**SOURCE MATERIAL:**

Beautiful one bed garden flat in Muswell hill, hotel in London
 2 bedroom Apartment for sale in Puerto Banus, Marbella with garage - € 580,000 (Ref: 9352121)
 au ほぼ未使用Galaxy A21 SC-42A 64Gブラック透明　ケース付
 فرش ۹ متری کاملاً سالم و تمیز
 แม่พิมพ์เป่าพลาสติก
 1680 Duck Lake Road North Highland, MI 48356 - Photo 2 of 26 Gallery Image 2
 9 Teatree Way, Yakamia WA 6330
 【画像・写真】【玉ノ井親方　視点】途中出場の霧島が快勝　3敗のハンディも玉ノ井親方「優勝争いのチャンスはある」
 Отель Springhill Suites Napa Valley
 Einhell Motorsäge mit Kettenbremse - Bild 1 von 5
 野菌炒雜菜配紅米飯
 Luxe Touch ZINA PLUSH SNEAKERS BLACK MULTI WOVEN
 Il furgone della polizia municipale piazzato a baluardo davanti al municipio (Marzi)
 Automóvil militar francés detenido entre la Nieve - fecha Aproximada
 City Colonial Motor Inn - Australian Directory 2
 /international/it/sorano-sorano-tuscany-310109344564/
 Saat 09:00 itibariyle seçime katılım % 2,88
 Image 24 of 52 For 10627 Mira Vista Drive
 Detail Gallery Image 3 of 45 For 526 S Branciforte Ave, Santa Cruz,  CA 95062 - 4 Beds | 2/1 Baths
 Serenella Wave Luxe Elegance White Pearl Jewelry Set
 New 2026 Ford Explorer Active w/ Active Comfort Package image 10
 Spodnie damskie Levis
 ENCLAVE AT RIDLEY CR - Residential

**WORK TASK:**
Only the last part of the records is wanted. Repeat it exactly, beginning at the line containing "Einhell Motorsäge mit" and ending at the final line.

**EXERCISE RESPONSE:**
 Einhell Motorsäge mit Kettenbremse - Bild 1 von 5
 野菌炒雜菜配紅米飯
 Luxe Touch ZINA PLUSH SNEAKERS BLACK MULTI WOVEN
 Il furgone della polizia municipale piazzato a baluardo davanti al municipio (Marzi)
 Automóvil militar francés detenido entre la Nieve - fecha Aproximada
 City Colonial Motor Inn - Australian Directory 2
 /international/it/sorano-sorano-tuscany-310109344564/
 Saat 09:00 itibariyle seçime katılım % 2,88
 Image 24 of 52 For 10627 Mira Vista Drive
 Detail Gallery Image 3 of 45 For 526 S Branciforte Ave, Santa Cruz,  CA 95062 - 4 Beds | 2/1 Baths
 Serenella Wave Luxe Elegance White Pearl Jewelry Set
 New 2026 Ford Explorer Active w/ Active Comfort Package image 10
 Spodnie damskie Levis
 ENCLAVE AT RIDLEY CR - Residential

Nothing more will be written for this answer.